Jackson is the retired Marine major general picked by Gov. Jerry Brown to head the state's scandal-plagued Parks and Recreation Department. On the job barely a month and still getting his bearings, Jackson has inherited another headache with the attorney general's conclusion that former parks officials engaged in a "conscious and deliberate" effort to hide millions of dollars.

The attorney general's findings issued Friday, coupled with a critical audit of financial management within the department released a week earlier, will only begin to assuage public anger if they mark a clear change of course for the agency.

California state parks draw upwards of 50 million visitors annually. Individuals and organizations stepped up with money and manpower last year to prevent the closure of 70 parks as a cost-cutting measure. Among the donors was Jackson, who crisscrossed the state visiting parks during his first year of retirement after 36 years in the Marine Corps.

Now, he's taking charge of a department that must improve its management if it wants to restore its image. Jackson says everything is on the table.

"Everything," he recently told the Los Angeles Times, "except fouling the beauty of our parks. We're not going to turn our parks into Disney World or an arcade."

His first order of business should be creating financial controls to prevent a repeat of the budget scandal that surfaced last summer.

For as long as 13 years, according to the report released Friday by the attorney general, parks officials failed to fully account for money collected from visitors fees and rentals. As much as $29 million accumulated in a fund for park operations but wasn't reported to state budget officials.

When the surplus was discovered in 1998, parks officials feared that reporting it would result in a reduction in state general fund support. Later, the report said, they were embarrassed to admit they had concealed money but decided to keep it hidden as a contingency fund for park repairs in the event of a storm or disaster.
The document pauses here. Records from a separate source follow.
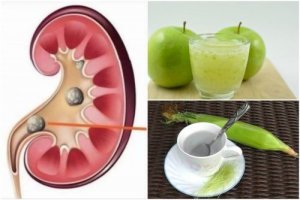 Dizolvarea pietrelor la rinichi cu infuzii și sucuri naturale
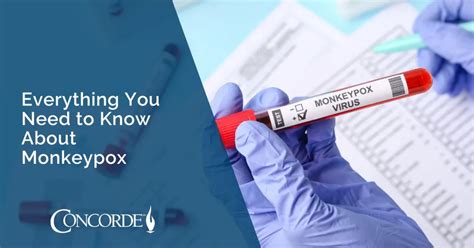Everything You Need To Know About Monkeypox | Concorde Career Colleges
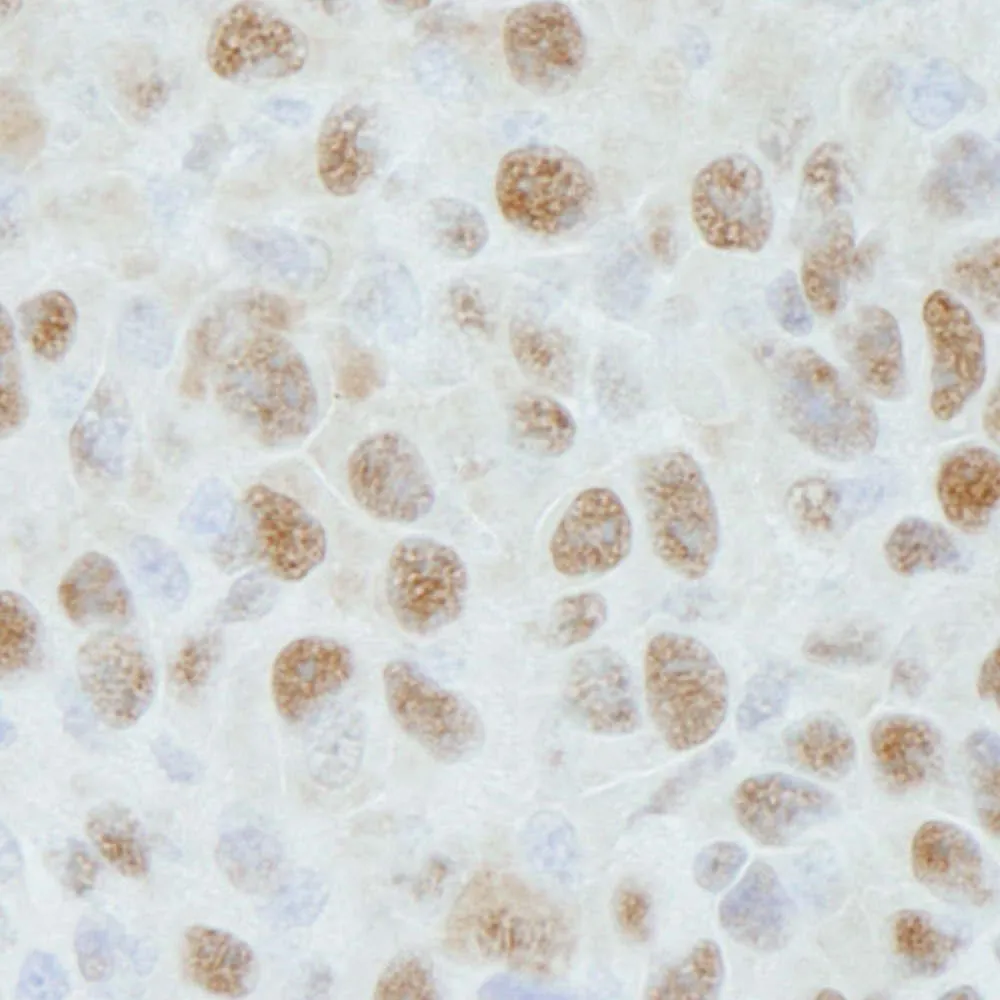 Rabbit anti-DDB1 IHC Antibody, Affinity Purified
The attorney general found no evidence of theft and cleared department officials of concealing a second fund, which contains $33 million earmarked for off-highway vehicle areas.
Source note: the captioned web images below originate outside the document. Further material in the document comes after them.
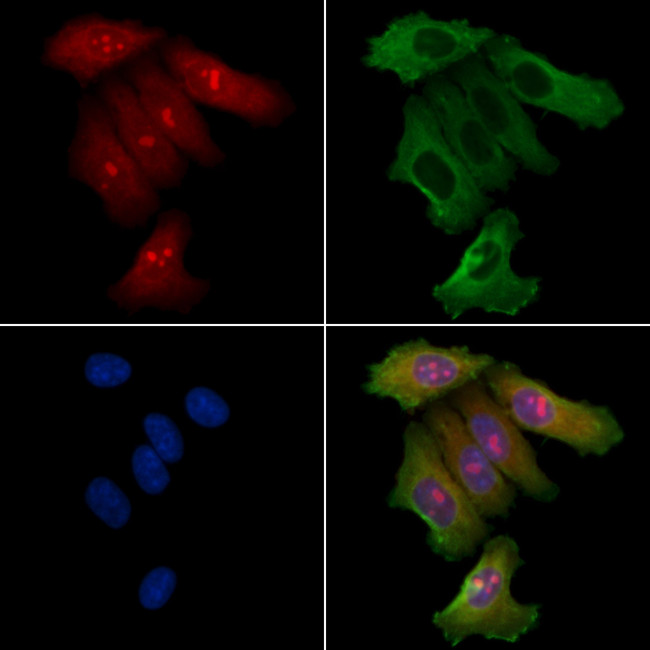 FNTB Antibody in Immunocytochemistry (ICC/IF)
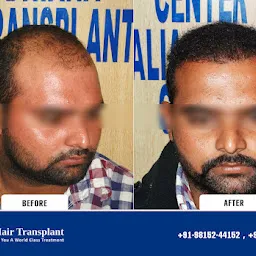 Walia Hair Transplant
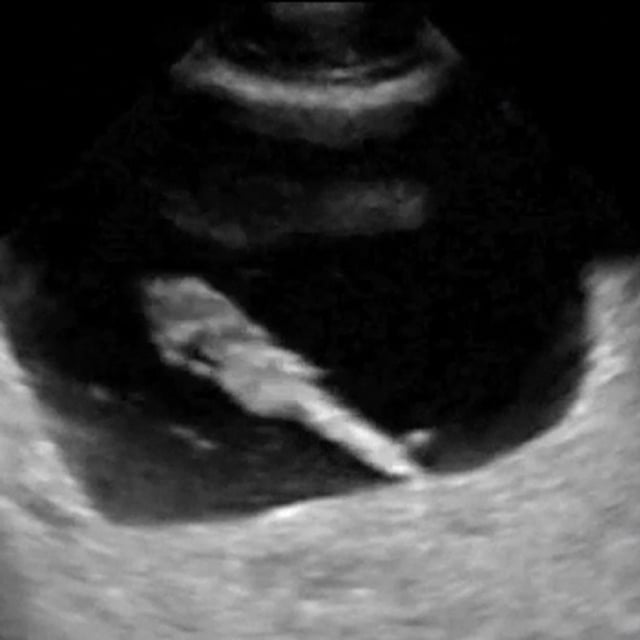 bladder_ultrasound__54325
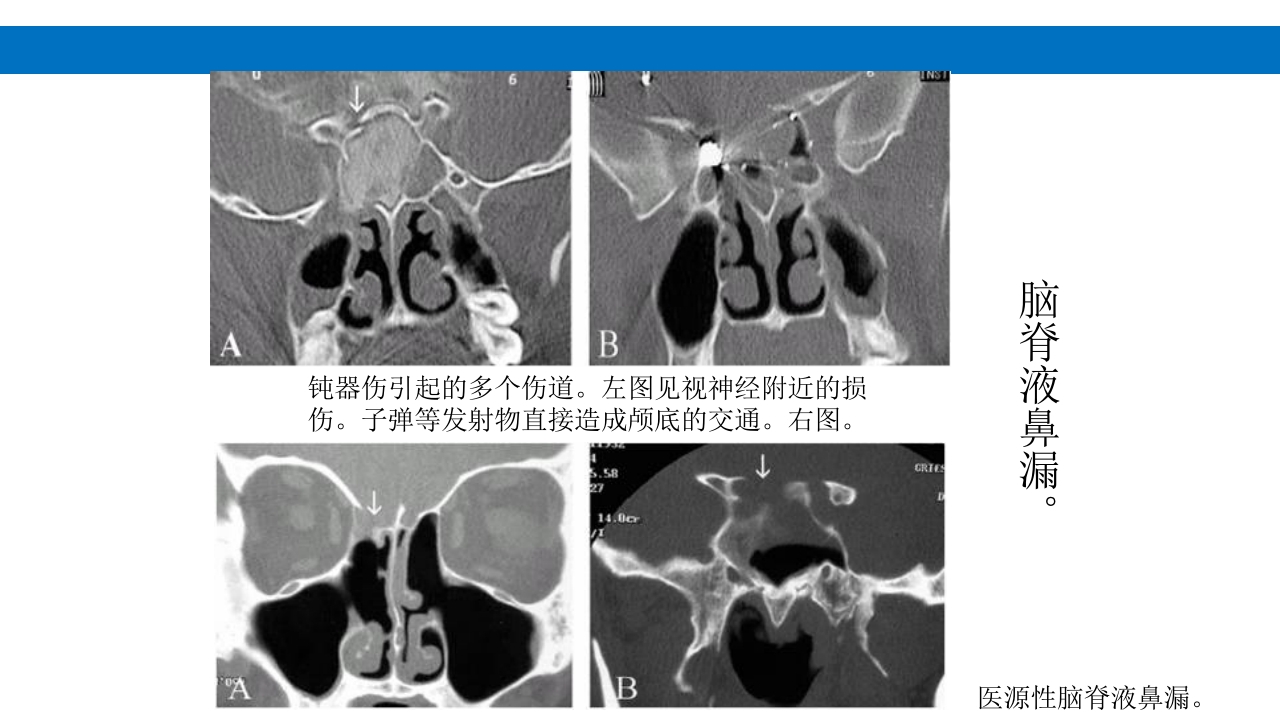 颅脑损伤的并发症及后遗症PPT课件62
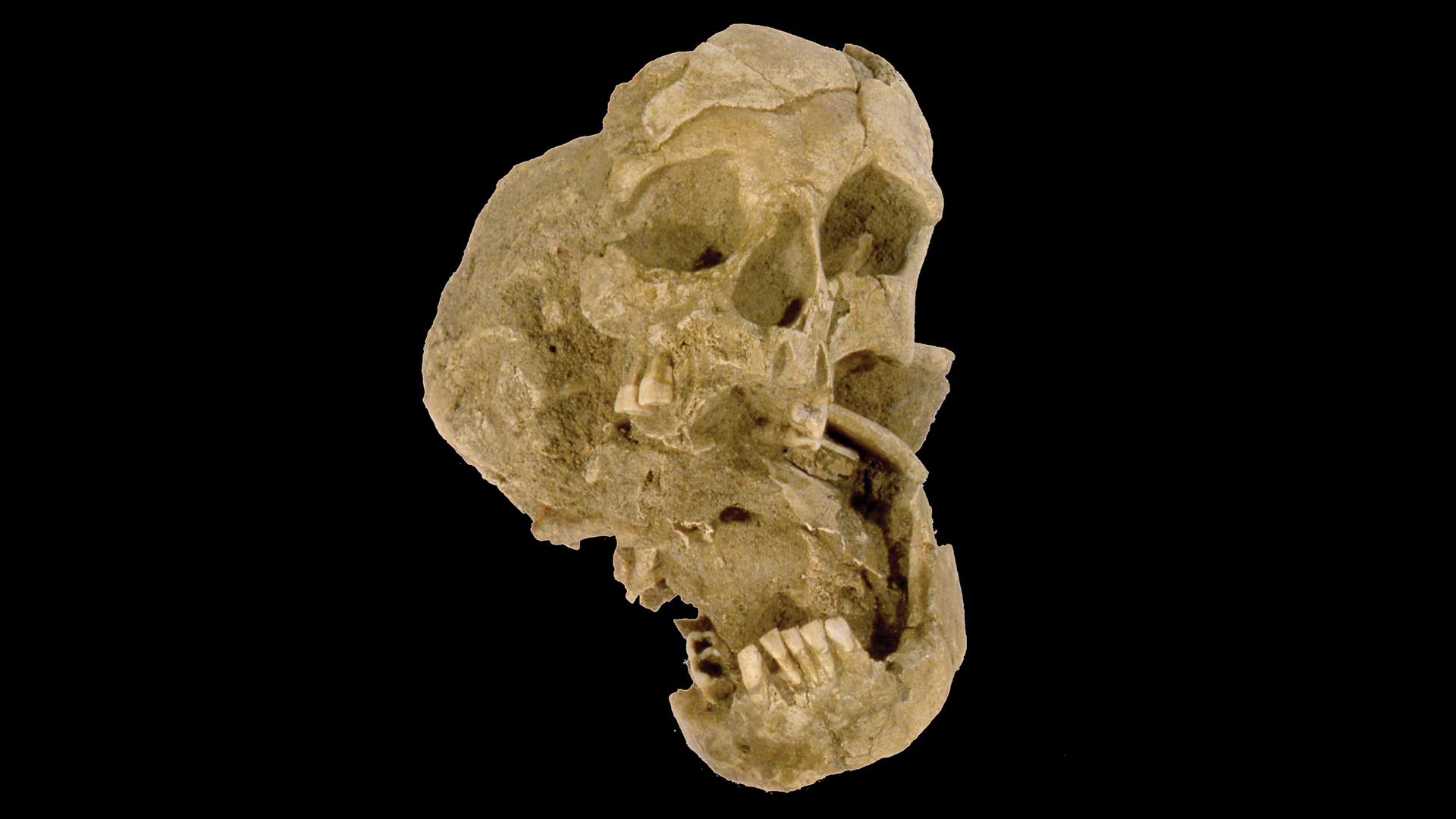 Cranio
Jackson already promised changes after the state auditor criticized parks officials for failing to provide clear rules for employee credit cards or adequate training for lower-level employees to ensure proper reporting of department finances.

About a quarter of the state park system was slated for closure last summer. There's been a reprieve, but there are few assurances for the long-term. The $20 million currently in the parks fund will supplement volunteers and donors, but a permanent funding plan is still needed.

Restoring public confidence in the department is a big challenge, but Jackson recently said he wouldn't have come out of retirement "if this place were running smoothly." We wish him well.